== EXERCISE ==
Every line from the one with "dog apparel 3pcs" through the final line of the data below goes in the answer, copied exactly. Pictures do not.

== MATERIAL TO PROCESS ==
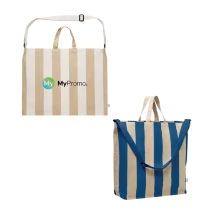 Strandtas | Gerecycled katoen 280g/m² & gerecycled polyester | 46x16x60 cm | Binnenvak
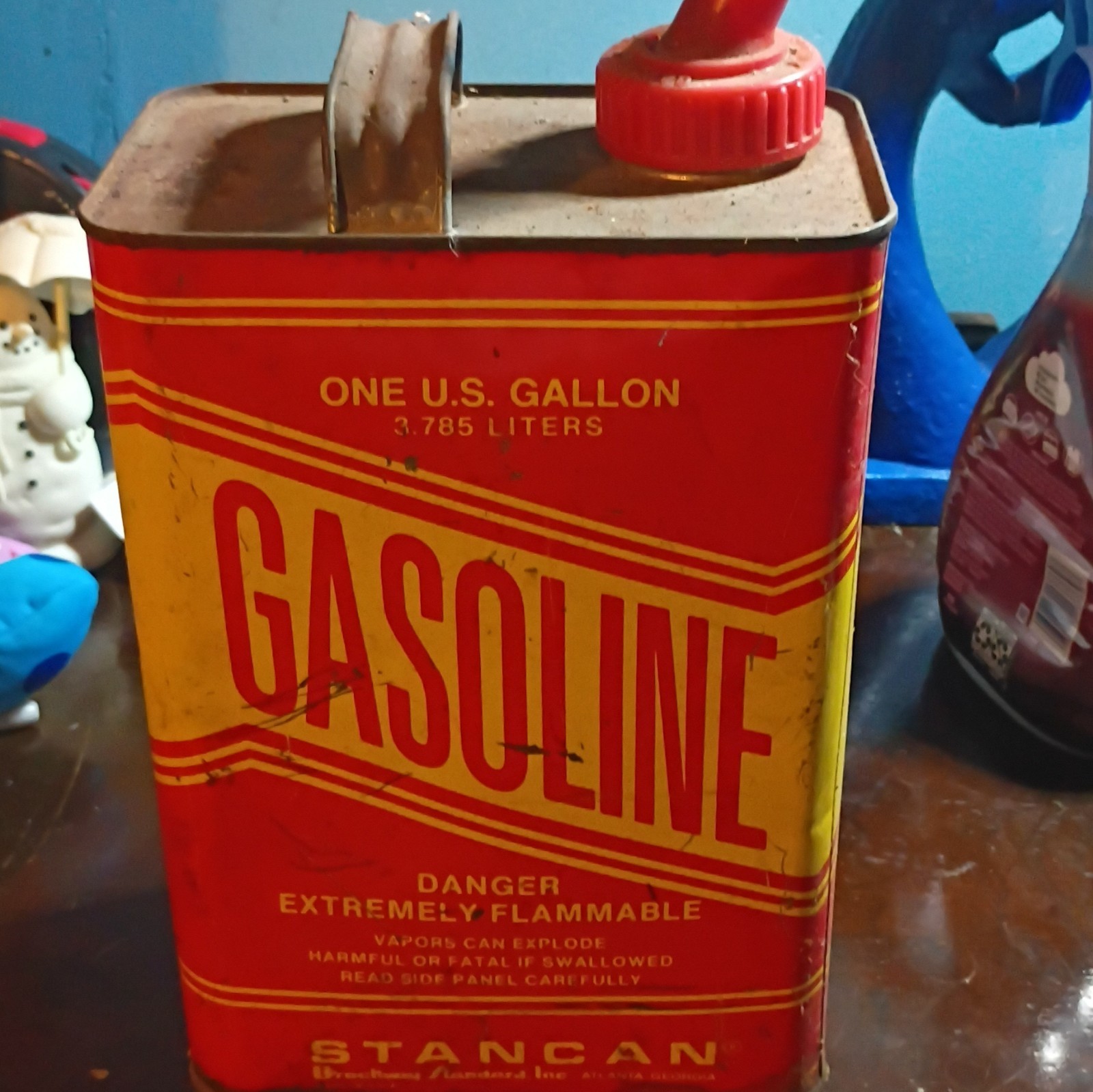 Vintage Stancan 1 Gallon Gasoline Can W/ Spout Metal Fuel Can Gas Oil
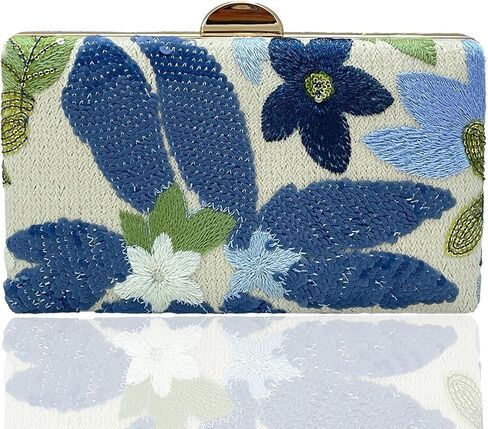 حقيبة نسائية مسائية مطرزة بالترتر على شكل زهرة مطرزة بالزهور لحفلات الزفاف الرسمية وحفلات الكوكتيل in Kuwait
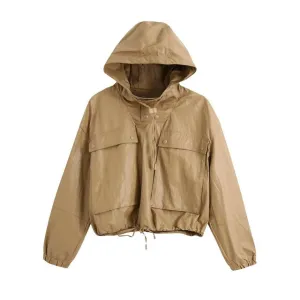 VEGAN LEATHER HOODED JACKET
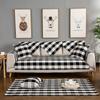 Sofa Mat with Thickened Anti Slip Cotton Thread, Sofa Mat for Autumn and Winter, Sofa Towel Cover for All Seasons, Modern Black and White Plaid Fabric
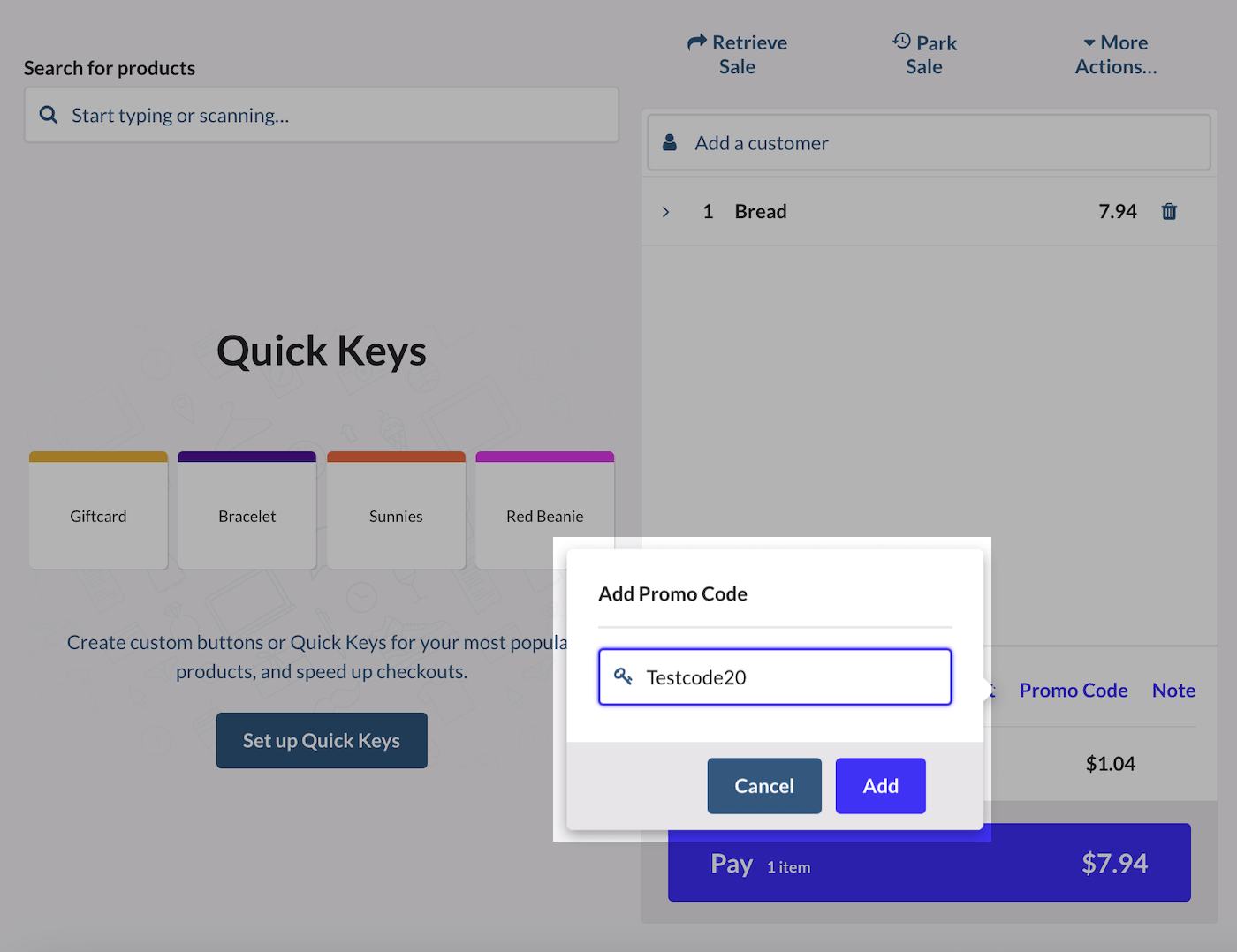 Adding your promo code on Sell page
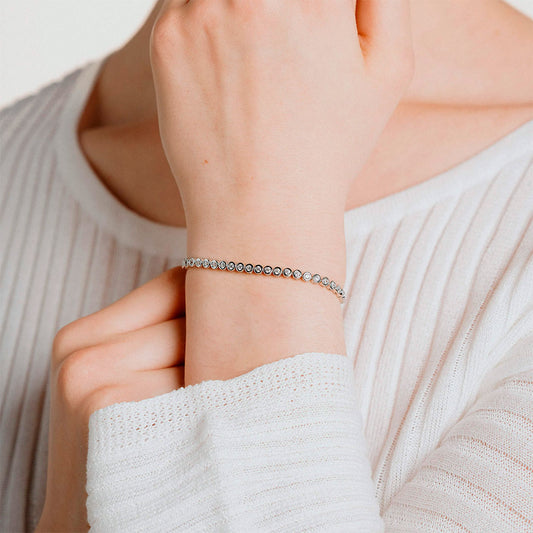 DiamonFire Fine Bezel Set Tennis Bracelet White Gold DiamonFire Fine Bezel Set Tennis Bracelet White Gold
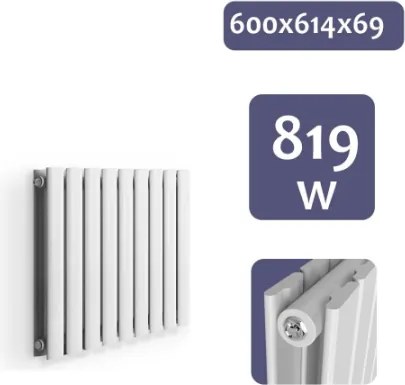 Grzejnik Aquamarin Poziomy - 819 W - 600 x 614 x 69 mm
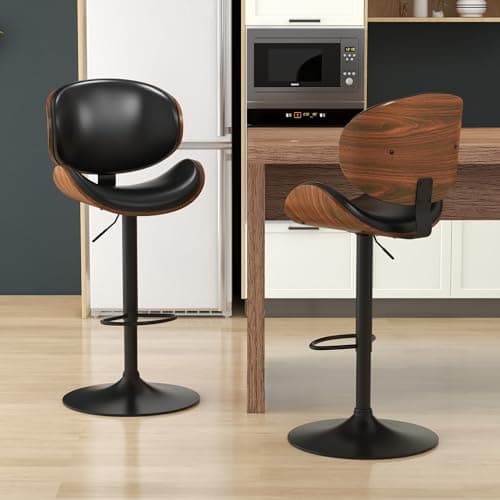 KCC Black PU Leather Bar Stool Set of 4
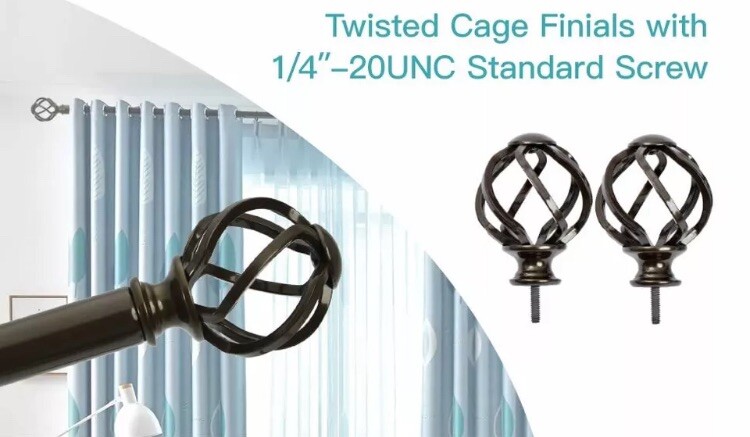 VOREFF Twisted Cage Decorative Coffee Brown Finials. Set Of 2. Never Used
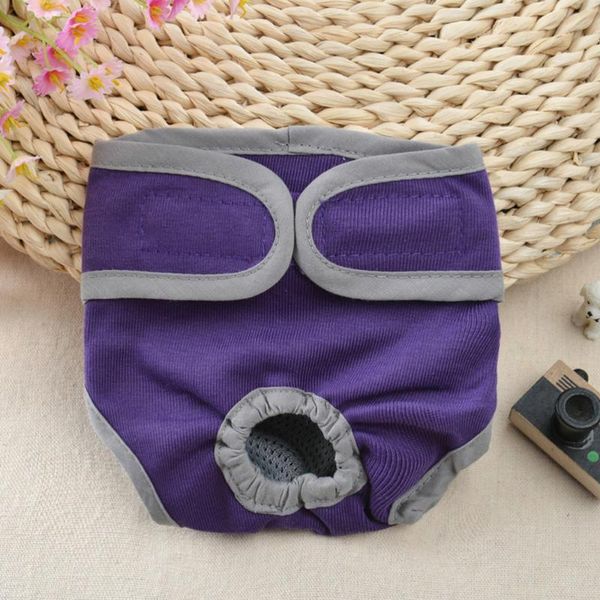 

dog apparel 3pcs diaper puppy diapers pants wraps doggy panty pet underwear physiological sanitary shorts (pink, black and purple) -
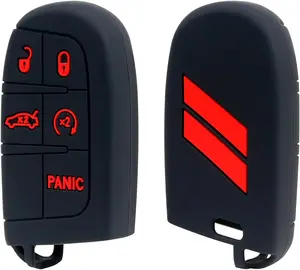 Key Fob Cover for Dodge Accessories 5 Button Key Fob Case for Dodge Charger Challenger Dart Durango Journey Replacement Remote Control 3 4 5 Buttons Key Fob  (Bright Red Design, 2PCS)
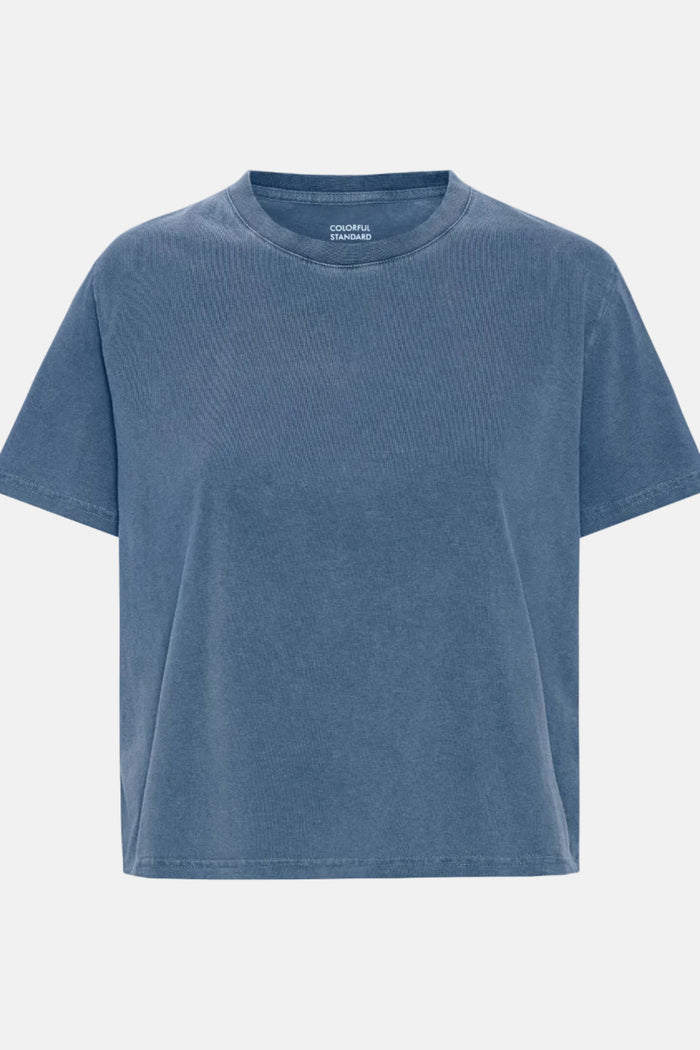 T-shirt Organic Boxy Crop - faded indigo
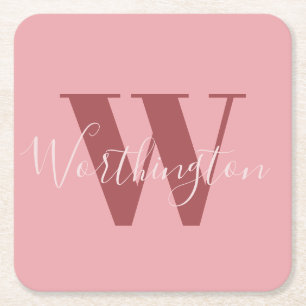 Girly Monogram en Naam roze blush rood Kartonnen Onderzetters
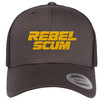 Grey White Curved Trucker Scum Yellow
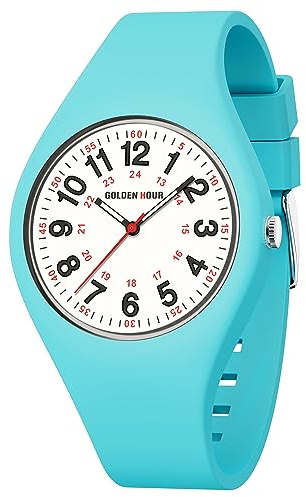 Golden HOUR armbandsur dam vattentät digital analog, unisex sportklockor för klocka kvinnor studenter flickor pojkar – lysande, lättläst urtavla, silikonarmband sjuksköterska klockor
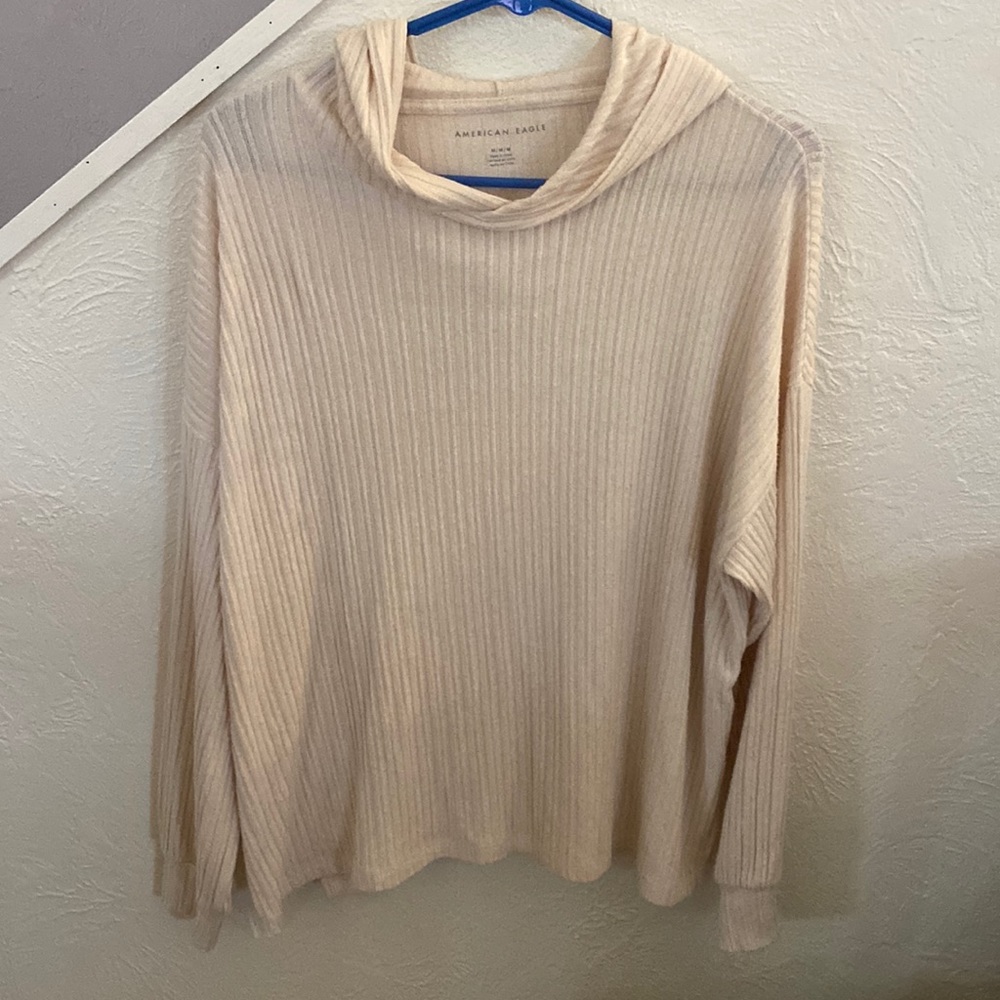 American Eagle Plush Hoodie in Cream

== WRITTEN ANSWER ==
dog apparel 3pcs diaper puppy diapers pants wraps doggy panty pet underwear physiological sanitary shorts (pink, black and purple) -
 Key Fob Cover for Dodge Accessories 5 Button Key Fob Case for Dodge Charger Challenger Dart Durango Journey Replacement Remote Control 3 4 5 Buttons Key Fob  (Bright Red Design, 2PCS)
 T-shirt Organic Boxy Crop - faded indigo
 Girly Monogram en Naam roze blush rood Kartonnen Onderzetters
 Grey White Curved Trucker Scum Yellow
 Golden HOUR armbandsur dam vattentät digital analog, unisex sportklockor för klocka kvinnor studenter flickor pojkar – lysande, lättläst urtavla, silikonarmband sjuksköterska klockor
 American Eagle Plush Hoodie in Cream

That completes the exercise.